Thats funny.... GB3 told me he was going hunting, not computer fixing. :roll:


----------



## GooseBuster3 (Mar 1, 2002)

:lol:


----------



## TWEET SD (May 11, 2005)

careful man. he's emotional


----------



## honkbuster3 (Jan 11, 2006)

wooduck26 said:


> YES! There will be birds but you MIGHT have look for them


 I think WD hit the nail on the head . You will be fine. Don't worry :roll:


----------



## PJ (Oct 1, 2002)

Sand Lake dawg. The geese will probably go feed in Nodak though.


----------



## not for hire goose guide (Feb 21, 2006)

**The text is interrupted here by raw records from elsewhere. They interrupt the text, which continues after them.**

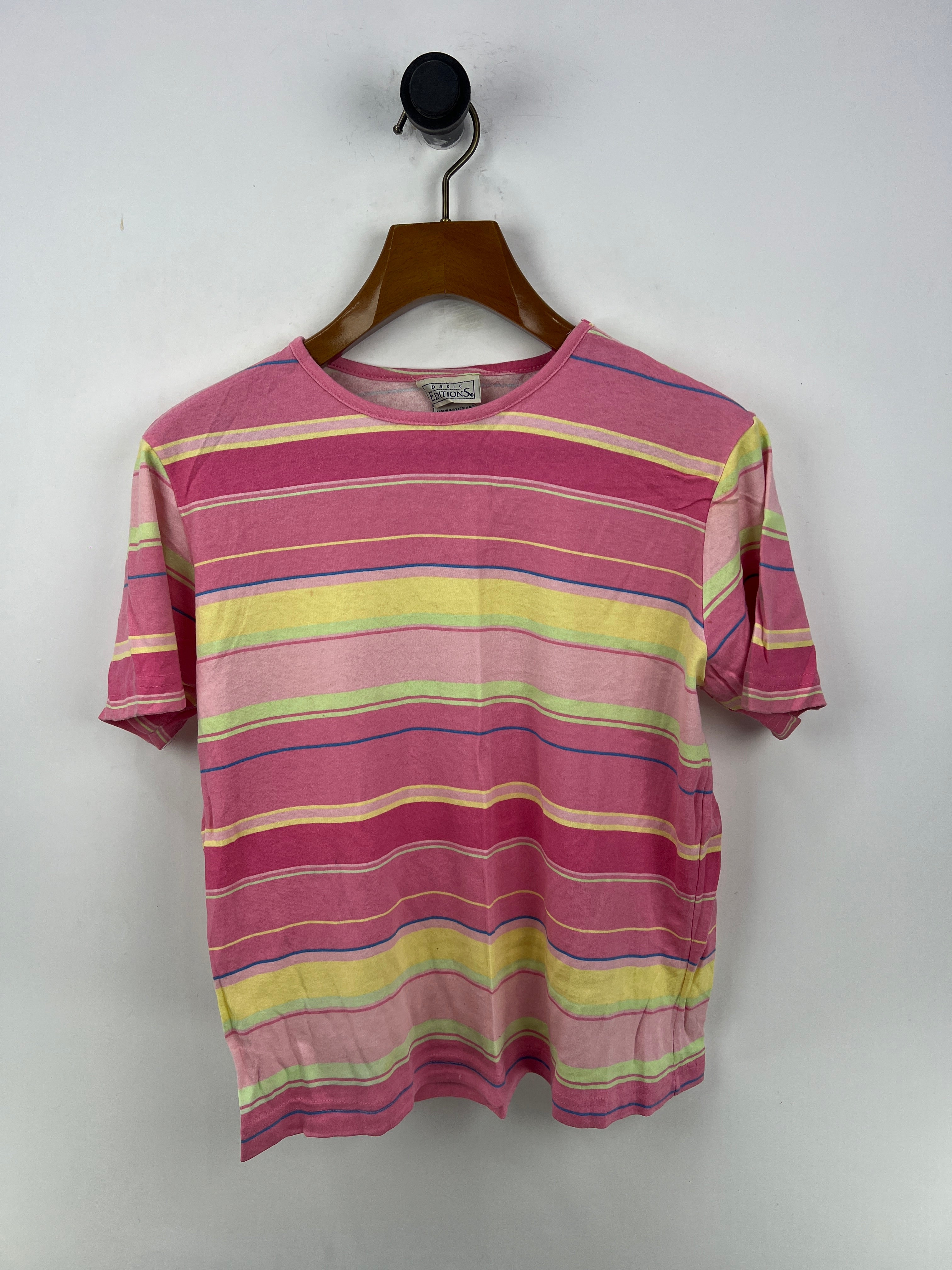 Basic Edition T-Shirt (Women) (Medium)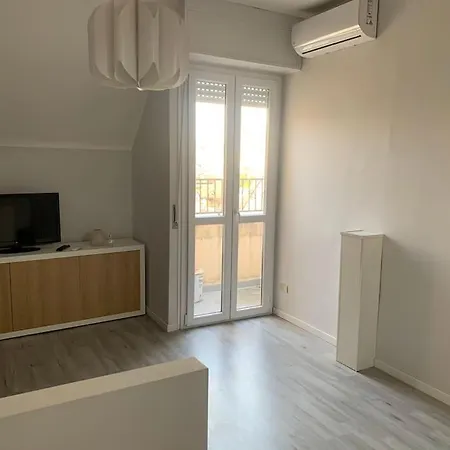Besana Rent House Milánó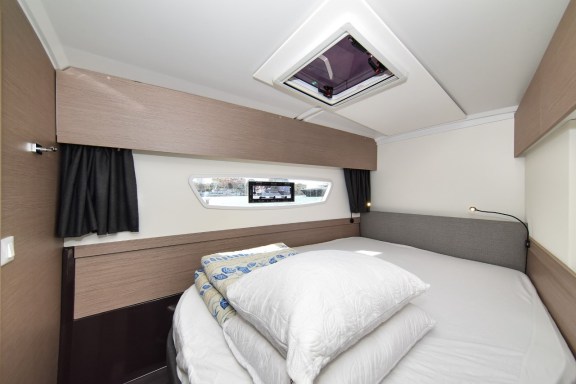 Image of Le Bart yacht #24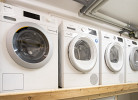 Wohnung 23 - Suite MAGNI
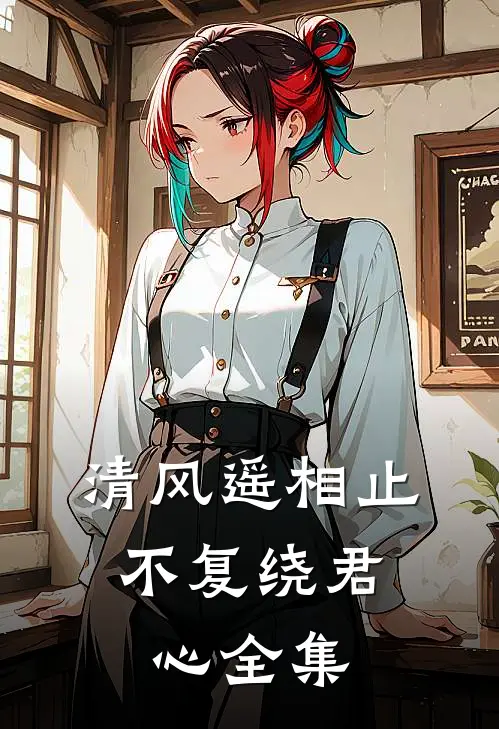 清风遥相止，不复绕君心全集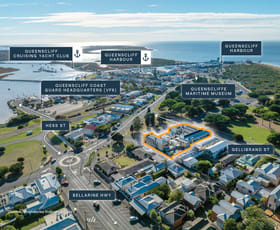 Hotel, Motel, Pub & Leisure commercial property for sale at 2 Gellibrand Street Queenscliff VIC 3225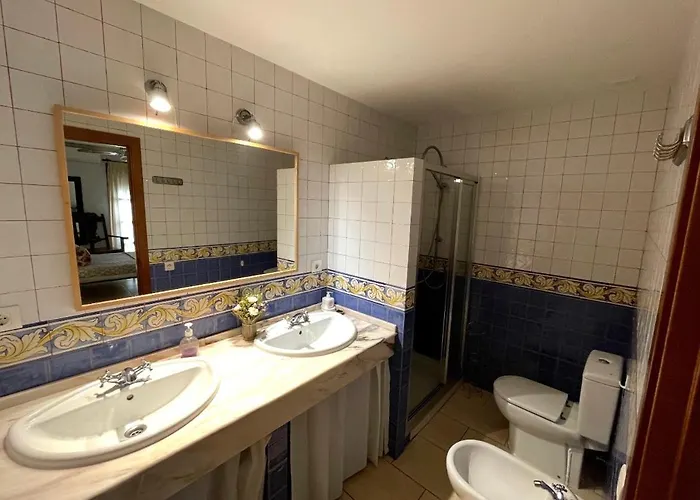 Appartamento Turisticos Casa De La Juderia De *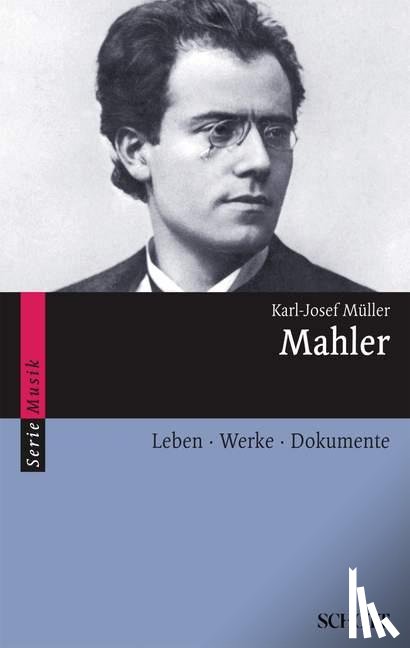 Müller, Karl-Josef - Mahler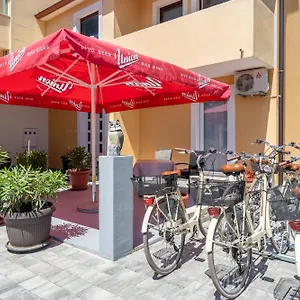 Istra Apartman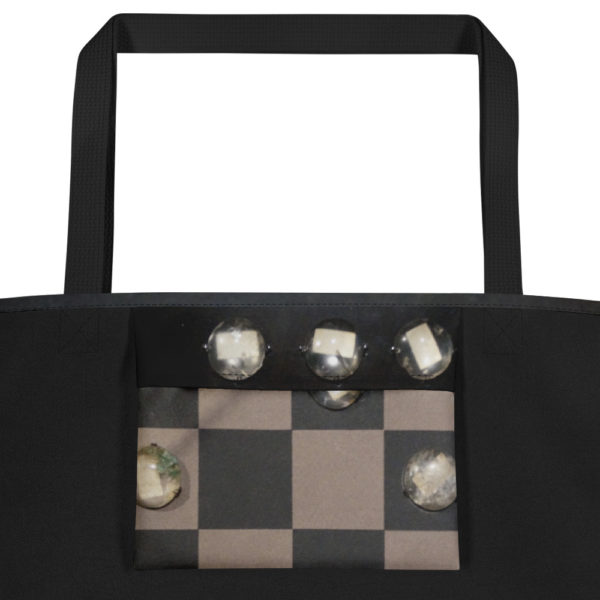 Large Tote Bag "Priam" - Image 2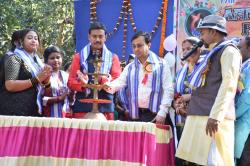 BROAD ICON FOR RURAL DEDICATION (BIRD)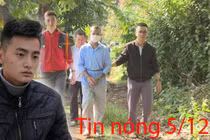 Tin nóng 5/12: Bắt khẩn cấp gã trai hiếp dâm bé gái 10 tuổi 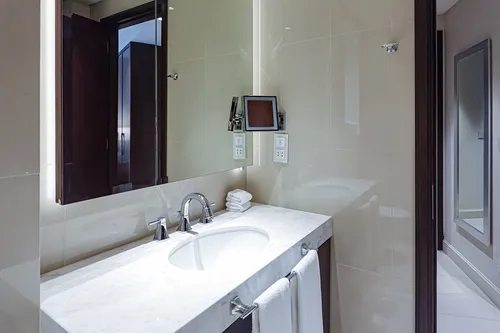 2 Bedrooms Apartment in Address Fountain Views Hotel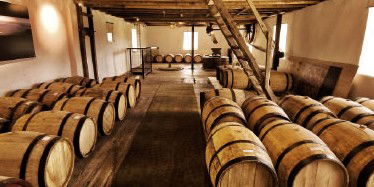 Nant Distillery - Accommodation Melbourne 0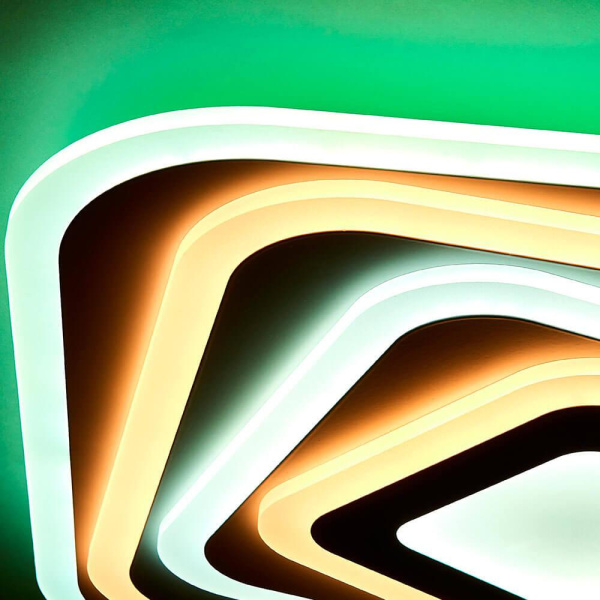 Купить Citilux CL737A44E Триест Смарт RGB Светильник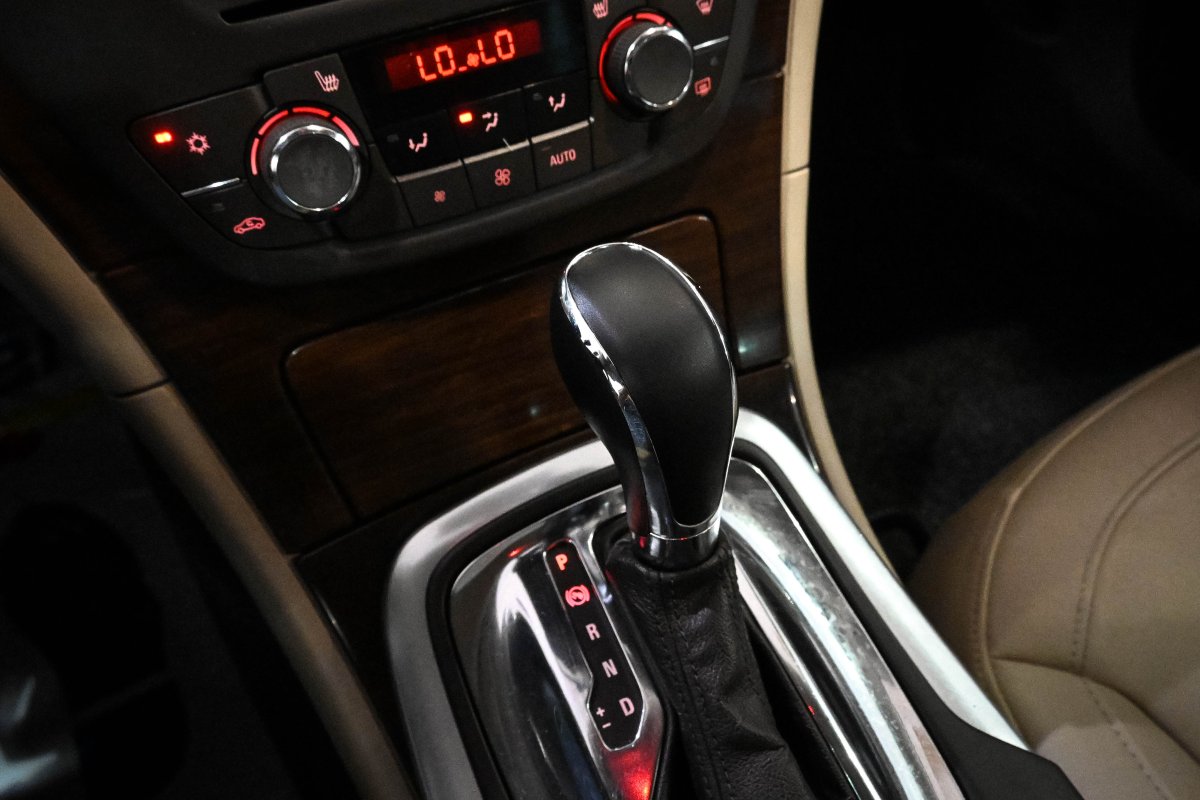 Foto Opel Insignia 24
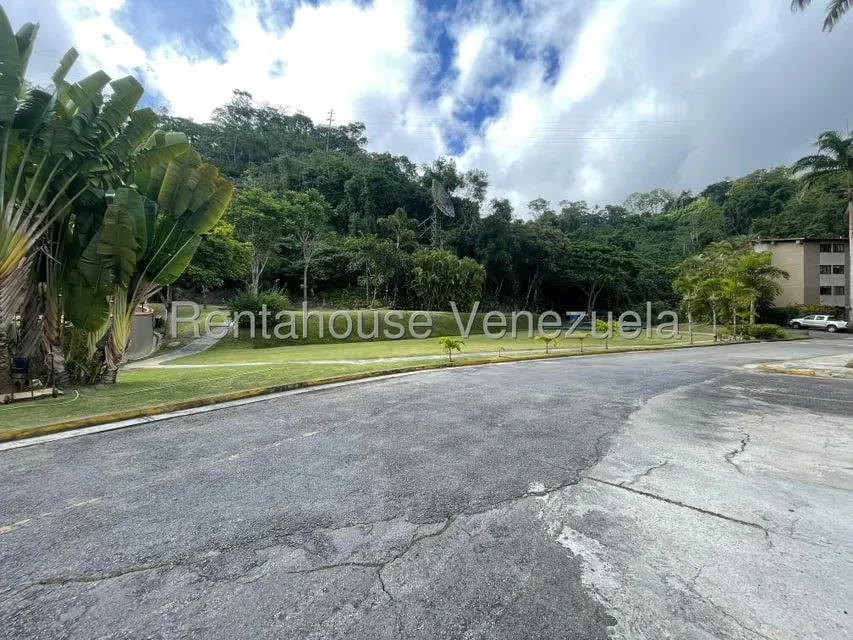 Apartamento (1 Nivel) en Venta en La Lagunita Country Club, Distrito Metropolitano - 31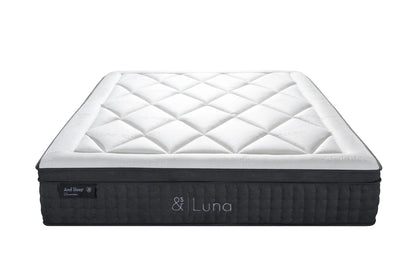 And Sleep Luna Mattress  King - Image 7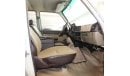 Toyota Land Cruiser 1984-V6 EXCELLENT CONDITION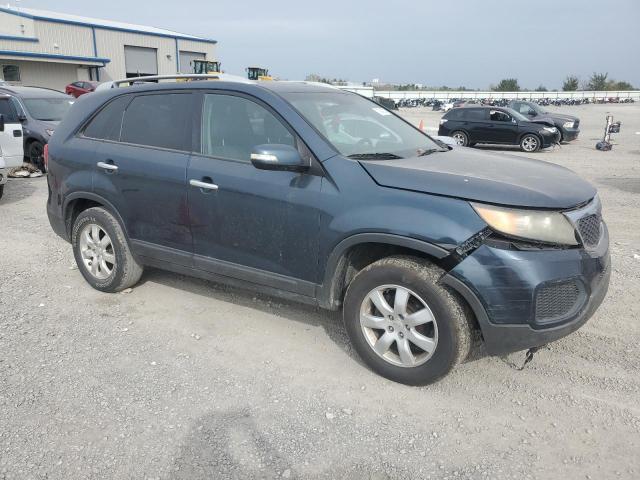 Photo 3 VIN: 5XYKT4A2XBG142988 - KIA SORENTO BA 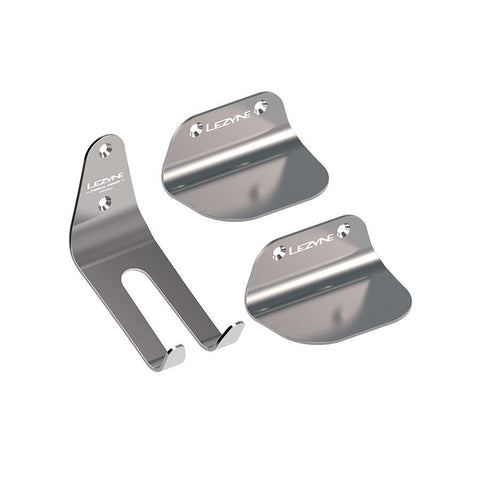 Lezyne - Pedal Hook Bicycle Hooks _ Unite - B1keparts.com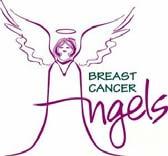 Page 2 B REAST CANCER ANGELS Ministry Partners Breast Cancer Angels is an outreach ministry to assist those in need during cancer treatment.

check out this snow line map http://www.nohrsc.nws.gov/nsa/ gives you a pretty good look at the snow line in north dakota as it looks south dakota on these maps dont have any snow on the ground good luck


----------



## JUST GOOSEY (Mar 6, 2006)

Heading out early next week, Bumped the trip up by a week or so.


----------



## H2O_Tech (Jun 21, 2004)

Just Goofey...if you don't give a full report after your hunt, may the lice of a 1000 snow geese infest your private regions.


----------



## Snowhunter07 (Feb 21, 2006)

lol i liked the word choice H20


----------



## BandHunter (Dec 17, 2003)

Ohh my god that is classic!! That is the funniest thing i have ever heard...Keep it up!
Bandunter


----------



## goosedropper06 (Mar 8, 2006)

goin to sodak on the 19th ish. was plannin on huntin around sand lake. think the birds will be there yet? or am i gonna have to aim further south?


----------